Sudah Ada Ketua Terpilih, Musda Golkar Sumut Diduga Langgar Prosedur AD/ART

Haris Fadhil - detikNews
Senin, 24 Feb 2020 15:44 WIB
Waketum Golkar Ahmad Doli Kurnia membuka Musda X Golkar Sumut (Ahmad Arfah/detikcom)
Foto: Waketum Golkar Ahmad Doli Kurnia membuka Musda X Golkar Sumut (Ahmad Arfah/detikcom)
Medan -

Musyawarah daerah Golkar Sumatera Utara (Sumut) digelar hari ini dan dibuka oleh Waketum Golkar Ahmad Doli Kurnia. Namun ternyata, DPP Golkar sudah memutuskan dan memberi mandat ke Waketum Azis Syamsuddin untuk membuka Musda Golkar Sumut. Lalu, apakah Musda hari ini sah?

"Secara hasil rapat tadi malam mandat ketua umum diberikan kepada saya sehingga secara mekanisme harusnya saya yang membuka. Tadi kenapa dibuka oleh saudara Doli ya saya nggak tahu. Di mata DPP belum ada rangkaian musda. Karena belum dibuka oleh DPP," ucap Azis, Senin (24/2/2020).

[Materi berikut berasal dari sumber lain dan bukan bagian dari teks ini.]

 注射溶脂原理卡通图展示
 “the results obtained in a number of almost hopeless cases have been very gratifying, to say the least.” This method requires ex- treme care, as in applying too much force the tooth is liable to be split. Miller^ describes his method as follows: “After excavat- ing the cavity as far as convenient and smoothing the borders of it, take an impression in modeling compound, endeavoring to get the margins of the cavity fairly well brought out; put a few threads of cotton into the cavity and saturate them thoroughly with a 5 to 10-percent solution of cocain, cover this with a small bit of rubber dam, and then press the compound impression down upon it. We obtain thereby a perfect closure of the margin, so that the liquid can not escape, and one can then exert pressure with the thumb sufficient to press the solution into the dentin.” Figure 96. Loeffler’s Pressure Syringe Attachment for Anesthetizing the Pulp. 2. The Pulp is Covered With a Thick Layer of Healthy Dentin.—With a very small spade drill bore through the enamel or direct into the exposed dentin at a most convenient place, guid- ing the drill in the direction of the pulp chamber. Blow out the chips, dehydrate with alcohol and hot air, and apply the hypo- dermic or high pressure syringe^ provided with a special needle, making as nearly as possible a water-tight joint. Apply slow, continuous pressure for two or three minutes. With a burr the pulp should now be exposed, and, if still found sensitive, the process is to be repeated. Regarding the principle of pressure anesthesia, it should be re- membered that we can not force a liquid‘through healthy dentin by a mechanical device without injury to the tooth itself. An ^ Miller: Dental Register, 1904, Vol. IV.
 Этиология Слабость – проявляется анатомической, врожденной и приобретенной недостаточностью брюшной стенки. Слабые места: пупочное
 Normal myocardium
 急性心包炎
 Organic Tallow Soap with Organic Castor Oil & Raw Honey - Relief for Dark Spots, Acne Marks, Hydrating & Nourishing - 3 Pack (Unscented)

Azis mengatakan nantinya dia akan datang ke Medan membuka musda sesuai mekanisme yang ada. Namun, Azis belum memastikan kapan dia akan membuka Musda tersebut.

"Nanti kita perbaiki secara internal. Kita akan adakan secara mekanisme yang benar," ucapnya.

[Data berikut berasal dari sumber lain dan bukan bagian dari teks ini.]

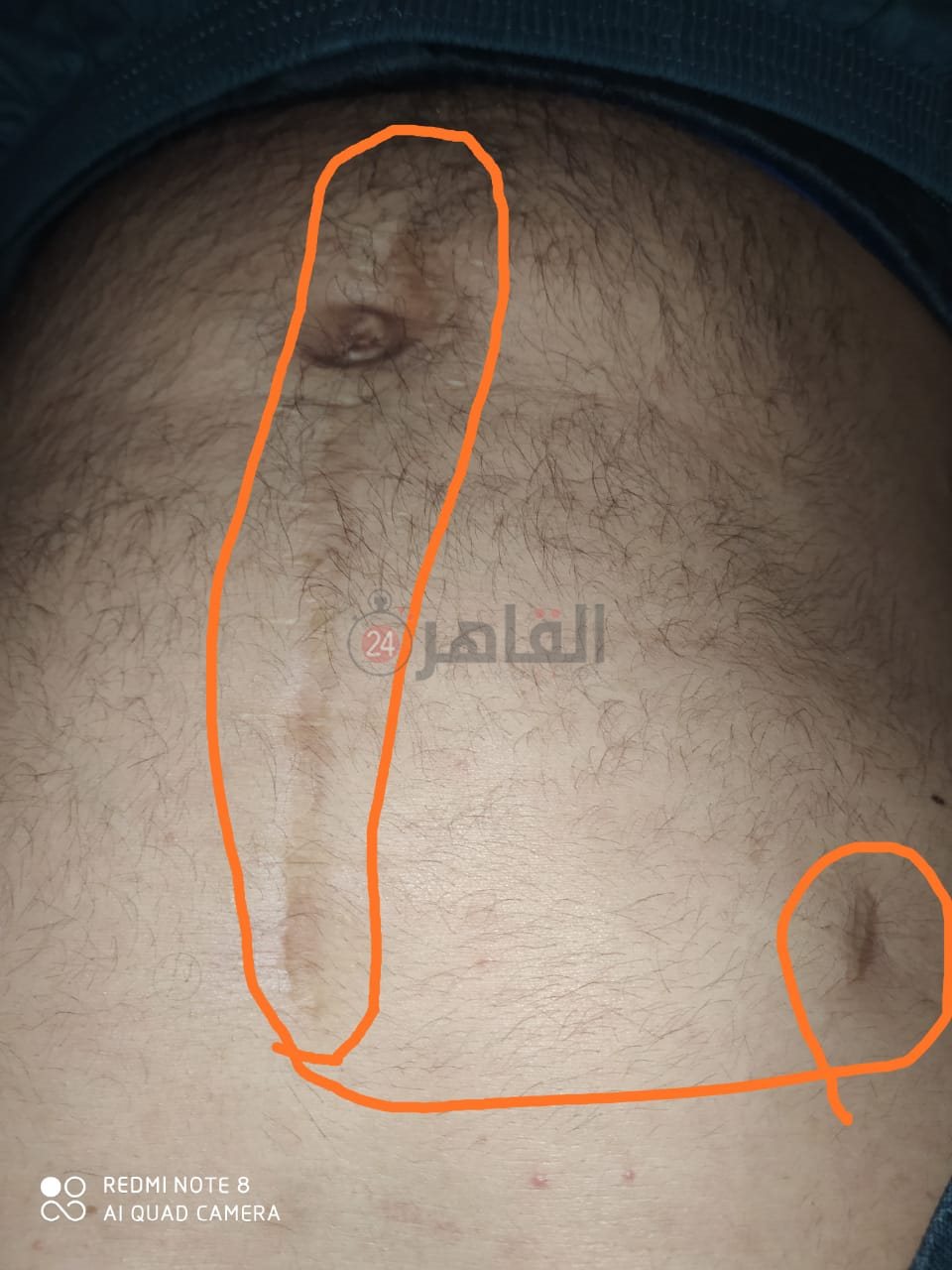 آثار العاهة المستديمة في بطن المجني عليه 01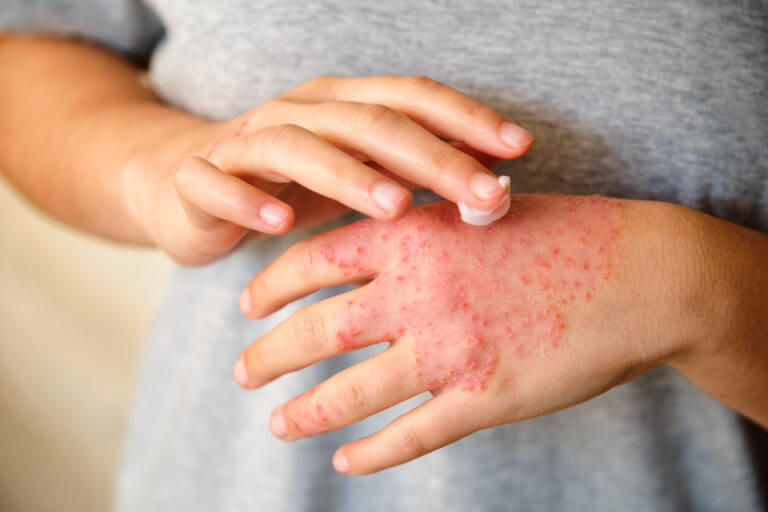 A woman is applying ointment or moisturizing cream to treat her eczema and atopic dermatitis.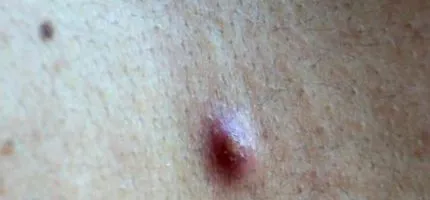 симптоми причини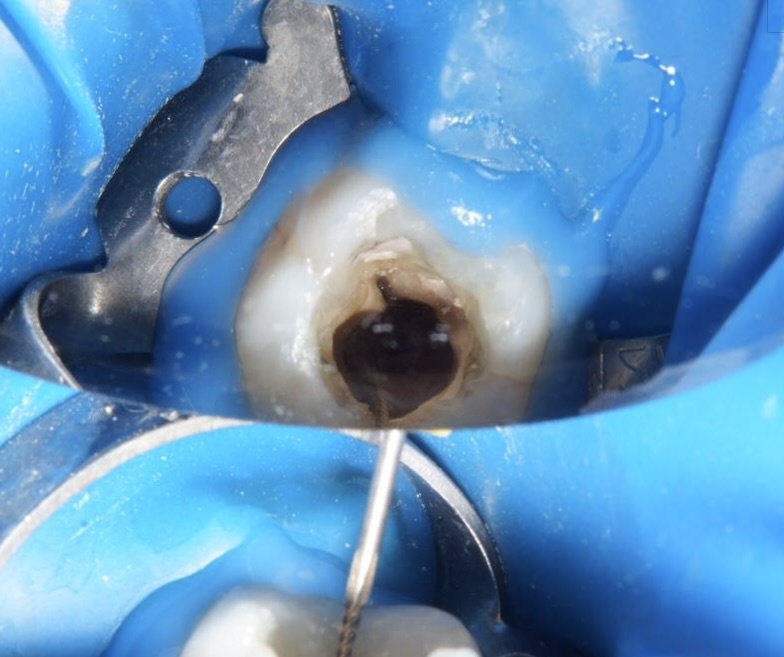 Убрали прошлую пломбу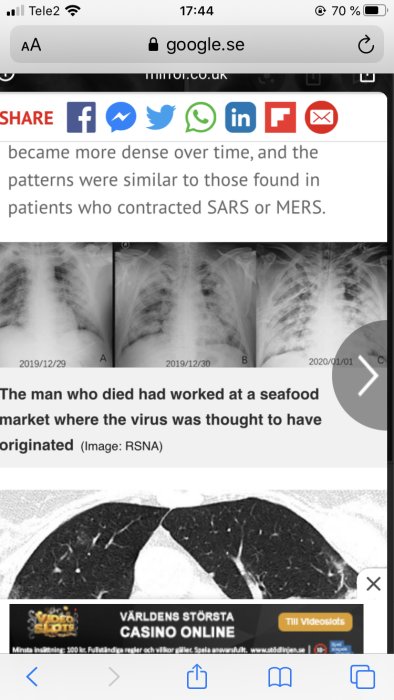 Sekvens av röntgenbilder som visar lungornas förändring över tid hos en patient med COVID-19.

Selain itu, Azis juga buka suara soal informasi adanya diskresi dari Ketum Airlangga Hartarto kepada Wagub Sumut Musa Rajekshah (Ijeck) untuk menjadi calon ketum Golkar Sumut. Meski tak menjawab lugas, Azis mengatakan akan menyampaikan hal itu jika sudah membuka Musda Golkar Sumut secara resmi.

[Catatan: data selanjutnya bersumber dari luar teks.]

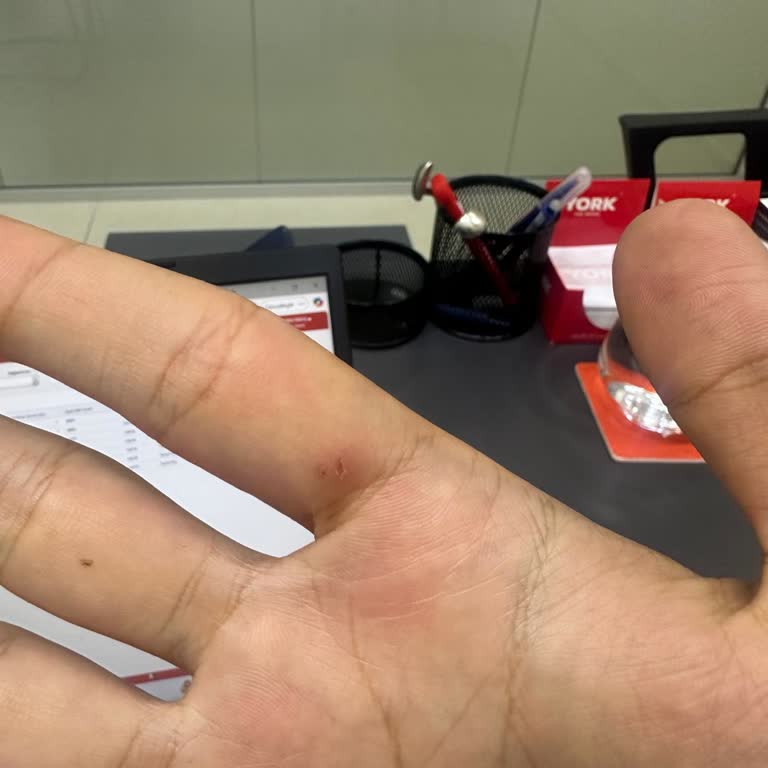 Dyson V15s Detect Submarine Modelinde Ergonomi Kaynaklı Parmak Yaralanması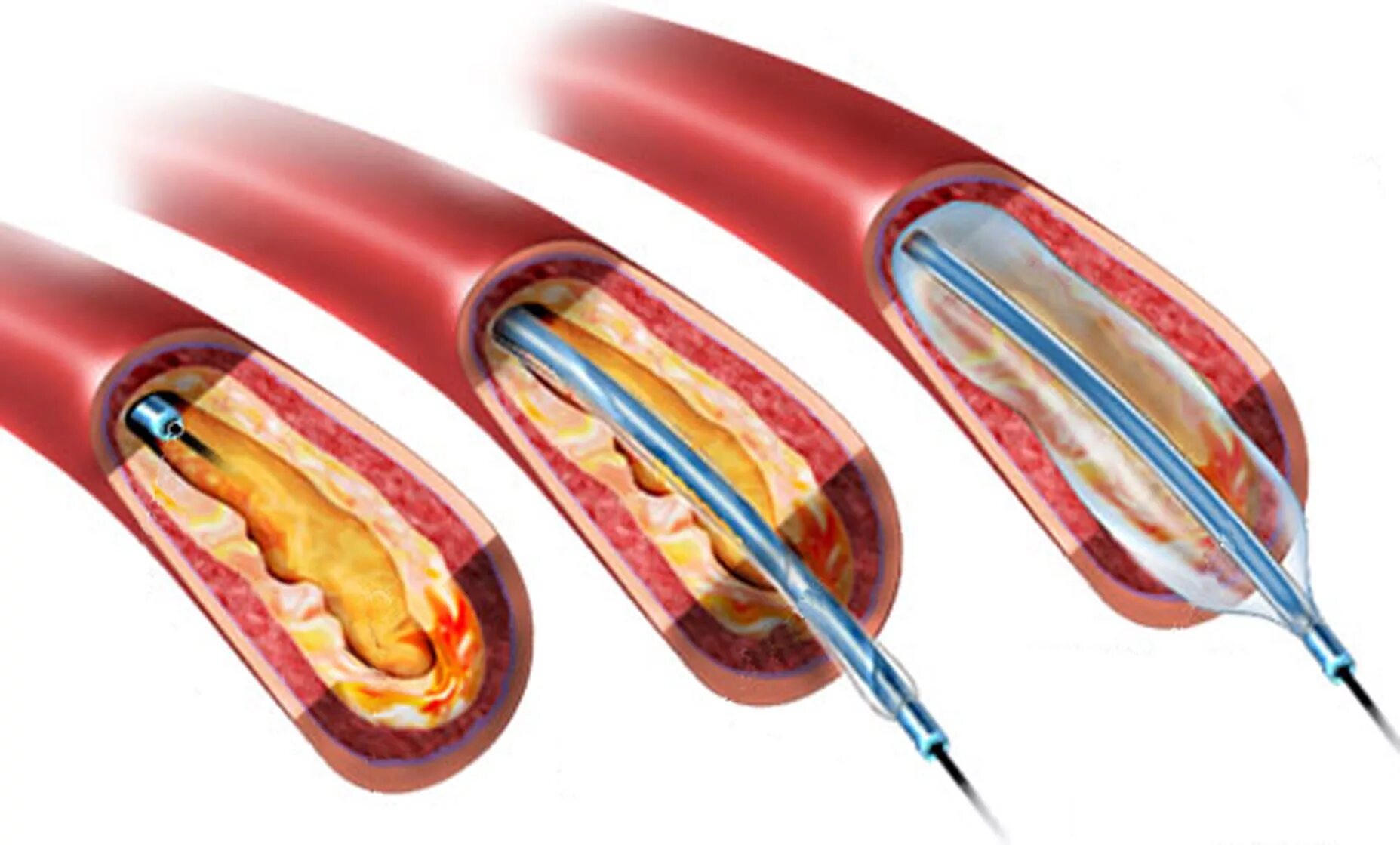 Стенты для сосудов. Эндоваскулярная баллонная ангиопластика. Баллонная коронарная ангиопластика. Баллонная дилатация (баллонная ангиопластика). Стентирование сонойартерии.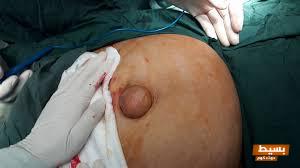 مدة الشفاء بعد عملية الخراج رحلة التعافي الشاملة وأهم النصائح لضمان صحة مثالية! 7 download 2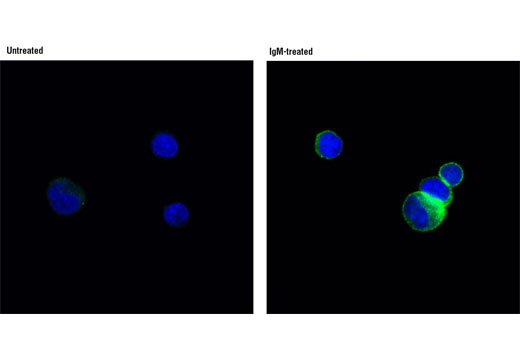 Immunofluorescence Image 1: Phospho-HS1 (Tyr378/397) (D12C1) XP® Rabbit mAb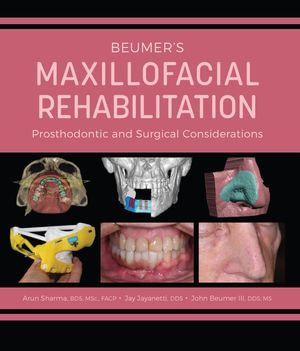 Beumer's Maxillofacial Rehabilitation - Prosthodontic and Surgical Considerations - Arun Sharma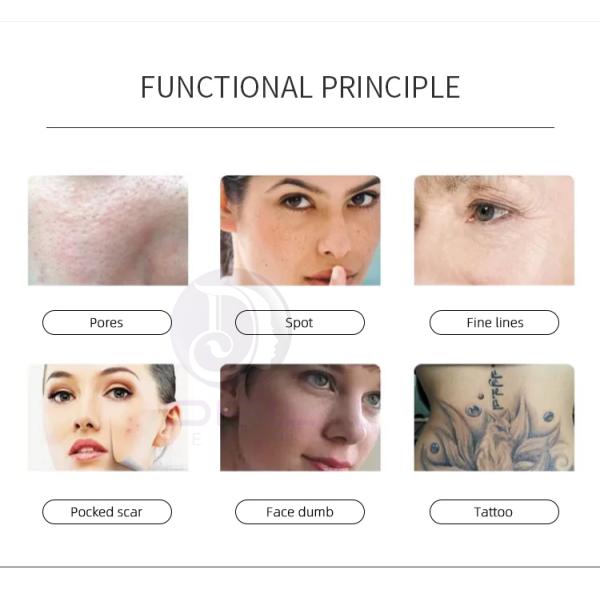 Q Switched Nd Yag Lazer Tattoo Removal Picolaser Carbon Laser Peel Laser Machine For Pigmentation Removal Skin Rejuvenation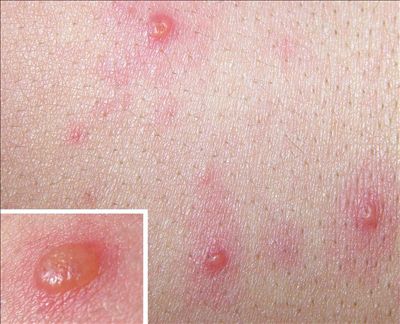 皰疹圖片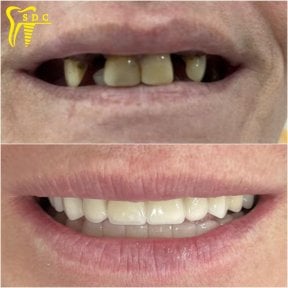 Resultados antes y después de implantes dentales en Spanderashvili Dental Clinic, sonrisa restaurada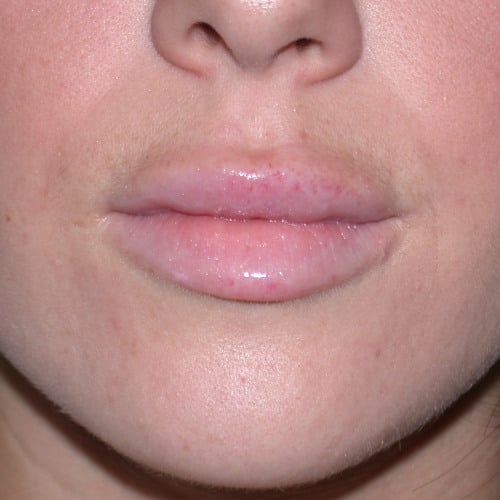 After restylane case 1017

"Nanti, saya tidak etis mengungkapnya dalam forum yang belum saya buka. Nanti saja kalau saya sudah buka, saya sampaikan," tuturnya.

Ketua DPP Golkar Meutya Hafid juga menyebut mandat dari Airlangga untuk membuka Musda Golkar Sumut sebenarnya diberikan ke Azis. Dia juga mengatakan mendengar ada diskresi dari Airlangga untuk Ijeck.

"Ketua Umum telah menunjuk wakil ketua Umum (bidang) Keamanan, Azis Syamsuddin. Terkait dengan Musda tentu DPD harus berkomunikasi dengan DPP. Musda baru resmi dan sah jika dibuka oleh utusan DPP yang membawa mandat. Saya dengar dari Pak Azis sebagai yang ditunjuk Ketua Umum untuk Musda Sumut, demikian (ada diskresi)," ucap Meutya.

Selain itu, Ketua Bidang Hukum Partai Golkar Adies Kadir mengatakan pihaknya sudah memantau semua musda, termasuk Musda Sumut. Nantinya, Mahkamah Partai Golkar akan mengkaji ada tidaknya pelanggaran yang terjadi.

"Nanti kami akan menelaah dulu apakah ada pelanggaran Prosedur AD/ART yang dilanggar. Kami juga menunggu dan akan melihat surat mandat dari DPP kepada siapa surat mandat Ketua Umum di berikan. Ketua Umum Bapak Airlangga Hartarto selalu berpesan agar seluruh musda di daerah sesuai dengan arahan DPP dan AD/ART partai," tutur Adies Kadir.

Musda Golkar Sumut digelar di Hotel JW Marriot Medan dan dibuka Waketum Ahmad Doli Kurnia yang juga Plt Ketua Golkar Sumut. Musda juga sudah memilih Yasyir Ridho sebagai ketua Golkar Sumut secara aklamasi.